While I cannot affirm that all life is suffering, I can affirm that all life involves suffering. But suffering doesn’t have to be bad, evil, or — as Frankl points out — meaningless.
A lot of times, when people say things like, “All I want is to be happy, but all life gives to me is crap,” what they don’t realize is that life keeps giving them crap because they’re fishing in a sewer. You can’t expect diamonds and cast your line into a cesspool. Diamonds require digging in a diamond mine. And digging in a diamond mine is work. It is active. Fishing, on the other hand, is passive. You cast out a line and wait for a bite. Passively allowing life to give to you rather than you going out and actively searching, digging for meaning means that you cannot complain when you pull in a turd.
Maybe this isn’t exactly how Viktor Frankl would put it, least of all to a suicidal victim of genocidal imprisonment, but this a reflection, not a recapitulation.
Another problem that’s inherent in making the claim that all suffering is avoidable and meaningless is that it turns everyone who believes that claim into a victim (at least in their own minds). I do not intend any political or social meanings to that assertion, although there are political and social applications. I’m talking more about individuals, as is Frankl. And the problem with this line of thinking is that, if one is a victim in this context, then the perpetrator is life itself.

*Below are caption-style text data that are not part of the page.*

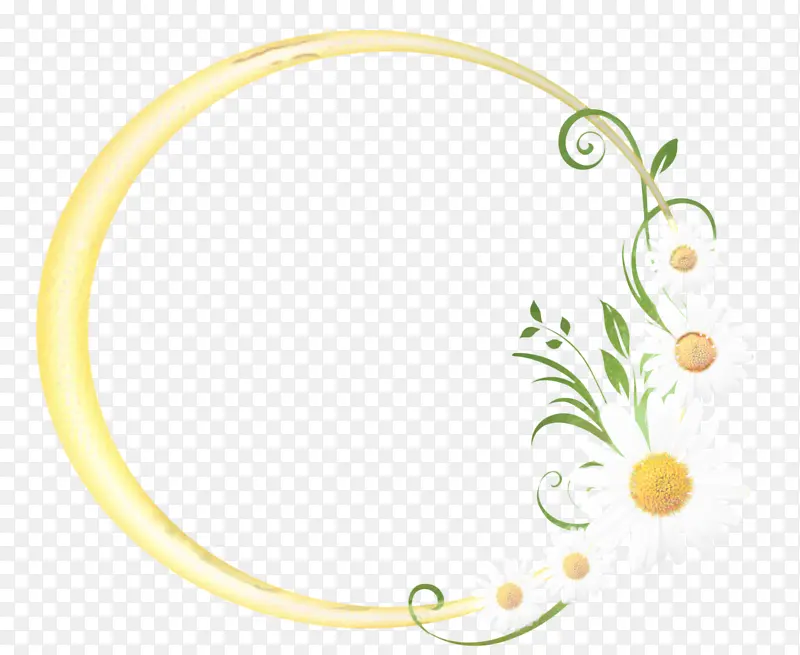 �����鱦 ��ɫ ����-������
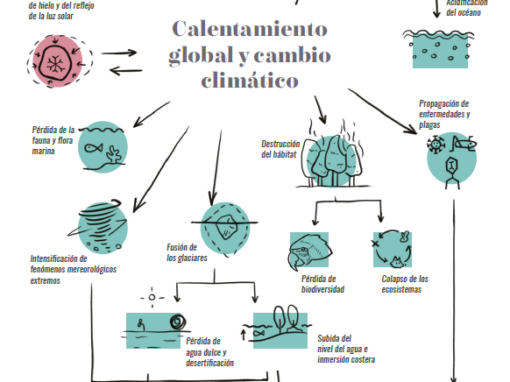 El desarrollo no es sostenible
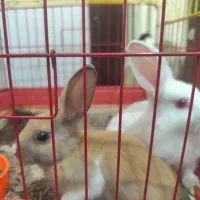 خرگوش مینیاتوری|موش و خرگوش|کرمانشاه, |دیوار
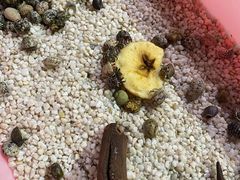 -中环花鸟鱼虫市场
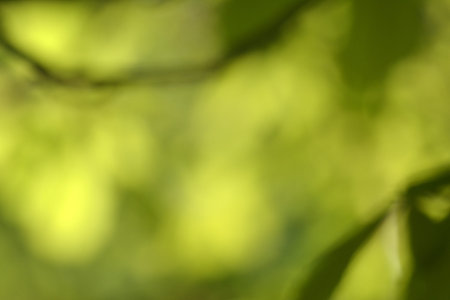green natural backgroundの写真素材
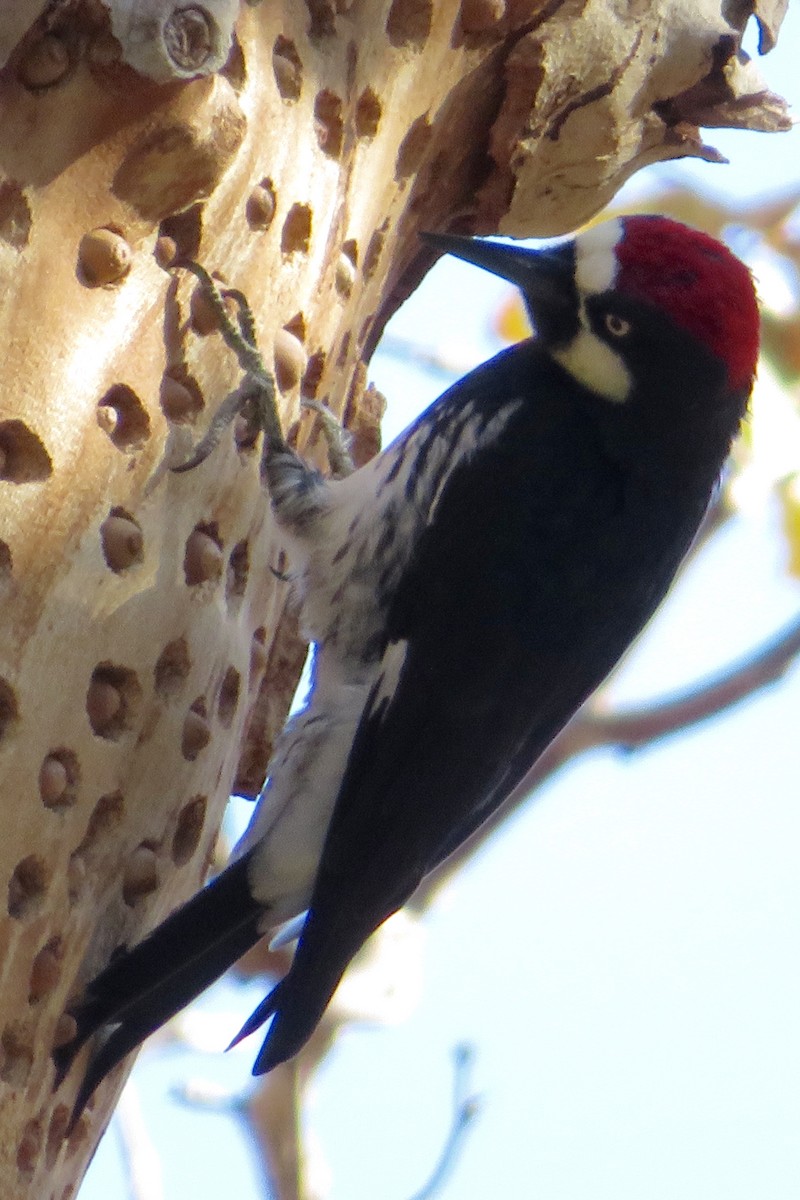 Acorn Woodpecker - ML83397511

How can there be a solution to that?
Turning to the political and social overtones that, in 2019, nobody can avoid seeing in this discussion, if we continue to find ever more discrete categorizations of victimhood and society is the perpetrator, what’s the solution to that?
In both instances, I can’t help but think that there are only two alternatives. The first is some form of nihilism in which one simply concedes that meaning is impossible or nonexistent — neither human life nor human culture and civilization has any meaning. The second is to stop fishing and start digging. If life has been giving you turds at the end of your line, then drop your pole, pick up a shovel, and resolve to give back diamonds in return.